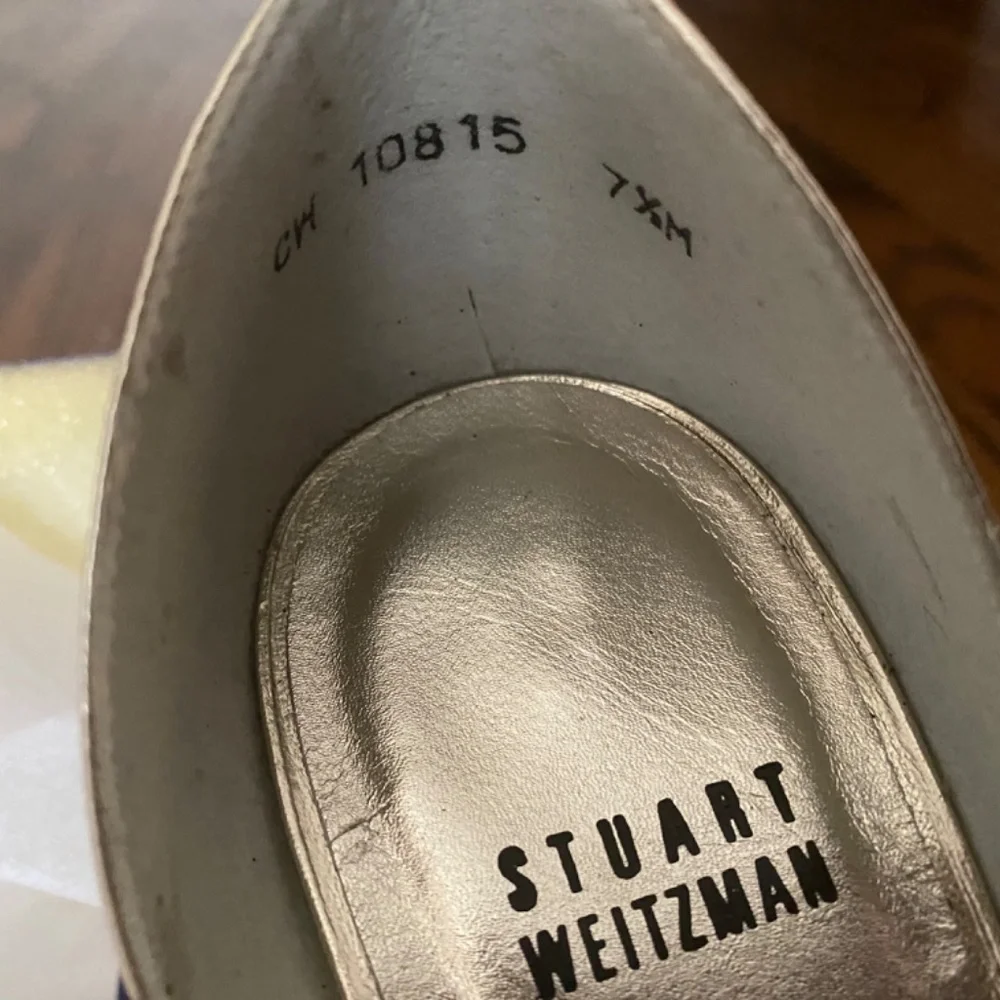 NEW Stuart Weitzman gold metallic dress shoes sandals heels 7.5 - Picture 4 of 7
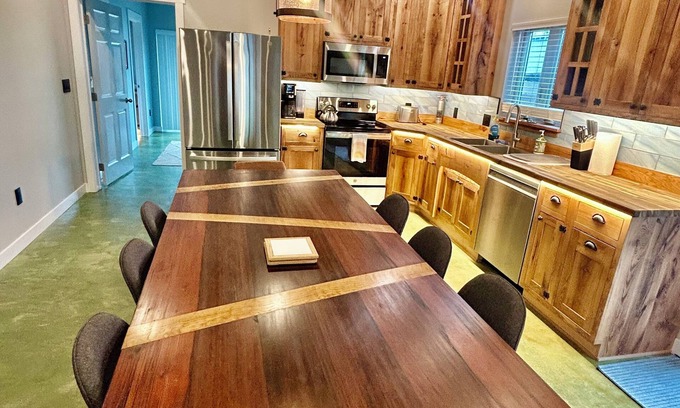 Bonner-West Riverside House | Luxurious Home,Hot Tub,Sauna-Cold Plunge,KettleHouse,River confluence&Missoula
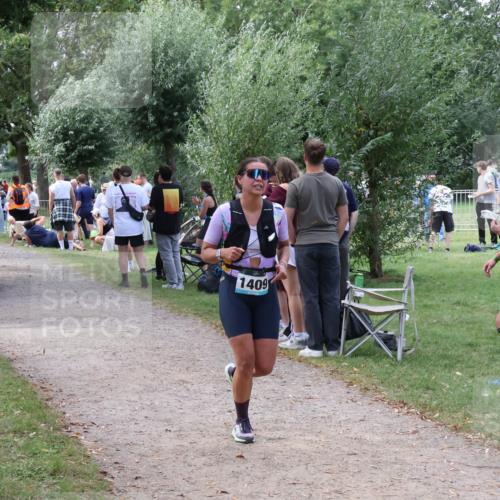 31.08.2025 - Elbe Triathlon Hamburg Luisa Fischer http://msf.ph/oto/8672074 31.08.2025 12:00:59 Laufen 1409 meine-sportfotos.de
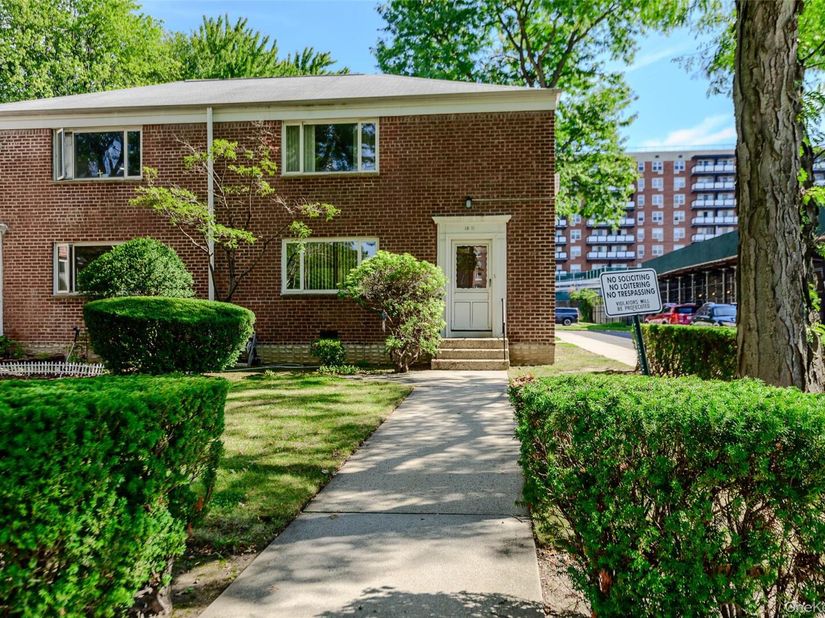 18-11 212 Street 101, Bayside NY 11360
========
What to produce |
All that the answer may contain is the exact text of the lines from the one with "31.08.2025 - Elbe" through the last line of the material, pictures excluded.

Solution |
 31.08.2025 - Elbe Triathlon Hamburg Luisa Fischer http://msf.ph/oto/8672074 31.08.2025 12:00:59 Laufen 1409 meine-sportfotos.de
 18-11 212 Street 101, Bayside NY 11360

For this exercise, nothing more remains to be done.